Oklahoma has one of the highest smoking rates in the US: Between 21 and 25% of adults are current smokers. (A 2013 Gallup poll gave the state the fourth highest smoking rate in the country; 2010 Centers for Disease Control data ranked it third, while more recent CDC figures place it lower down the list. Either way, we’re talking lots of smokers.)
The sad corollary to this is that the CDC has also ranked Oklahoma’s “smoking attributable mortality rate” as the third highest in the US. An average of more than 6,200 adults aged 35 and older died as a result of tobacco use per year from 2000-2004.
And not everyone inhaling smoke in the state has chosen to do so. While smoking indoors in public has become a thing of the past for much of the country, Oklahoma still allows smokers to light up in bars. You can even smoke while eating, provided the restaurant has a designated smoking area.
Tennessee is one of three states that allow for criminal charges to be filed against a woman who used drugs during pregnancy, and the only state to use its legislature to allow for the punishment. The “fetal assault” law enacted in 2014 allows that drug-use during pregnancy linked to harm to the fetus is punishable by up to 15 years in prison—an alarming policy that has many experts up in arms.

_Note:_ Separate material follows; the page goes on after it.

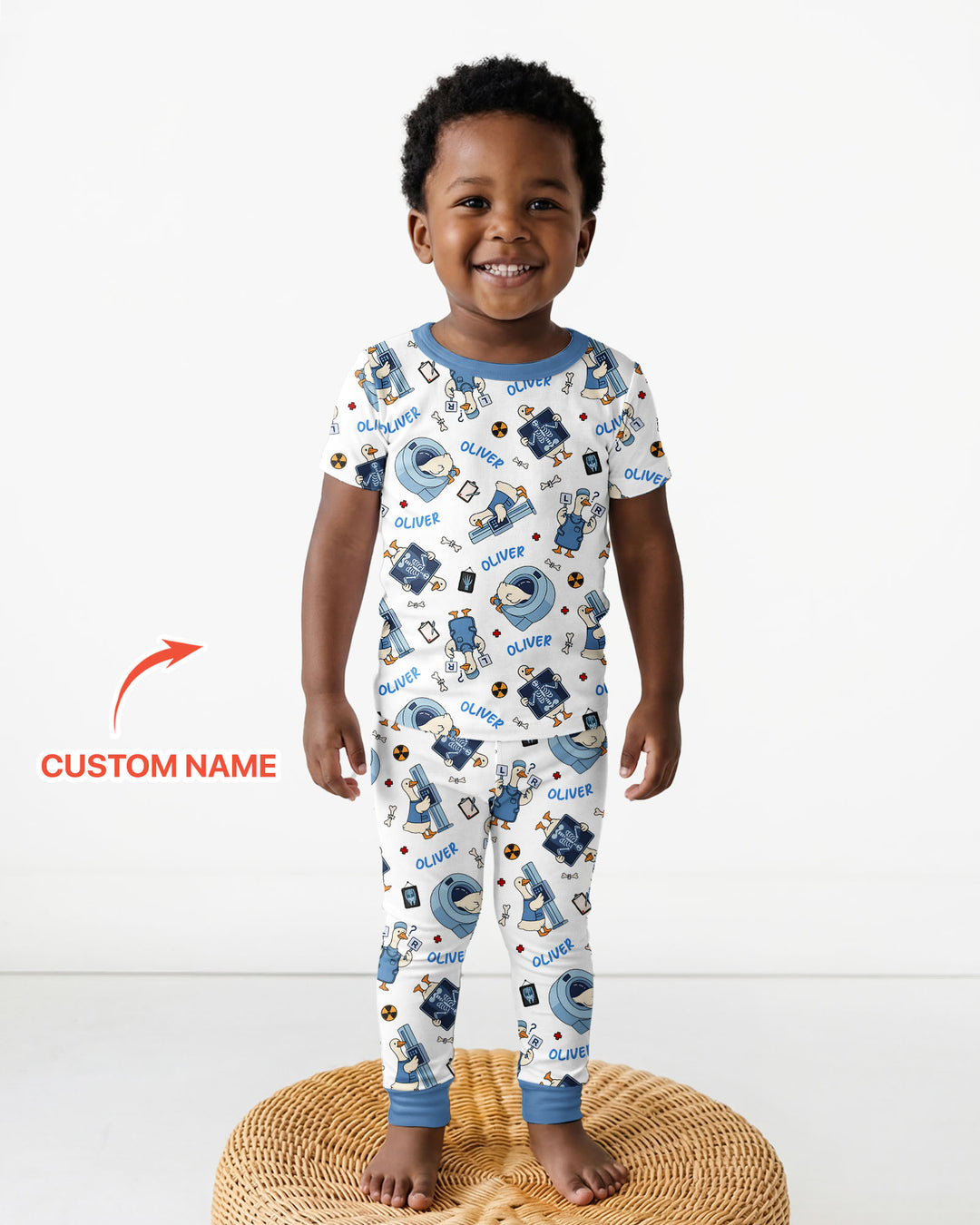 Zweiteiliges, kurzärmliges Pyjama-Set mit Marienkäfern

Thirty advocates wrote to the Tennesee General Assembly in January, asking them to end a law they say could discourage pregnant people from seeking crucial prenatal care. They wrote the law has “a harmful impact on women and families in Tennessee” and should be “allowed to sunset with no extensions, expansions or replacements,” asking that the money used to prosecute these women should go toward treatment instead.
The law is set to sunset in July. It’s to be hoped that its expiration will send the message that protecting women’s health is more important than creating punishments for failing to be the perfect incubator.
Vermont is one of several US states attracting attention for its “opioid epidemic.” In January 2014, Governor Peter Shumlin uniquely devoted his State of the State address to what he called “a full-blown heroin crisis.” This month, Governor Shumlin discussed his plan to address opioid addiction and overdose by reforming penalties for drug use and expanding access to treatment.
Media depictions of opioid use in (rural, beautiful, overwhelmingly white) Vermont often frame the state as a surprising or unlikely setting for a heroin problem. In 2014, for example, Politico ran a headline asking “How Did Idyllic Vermont Become America’s Heroin Capital?” and The New York Times ran a story titled “Heroin Scourge Overtakes a ‘Quaint’ Vermont Town.”
In this way, Vermont’s heroin problem has become emblematic of the media’s and elected officials’ alarm at perceiving that opioid use has hit predominantly white areas—as opposed to the kinds of populations and places where such problems might be “expected.”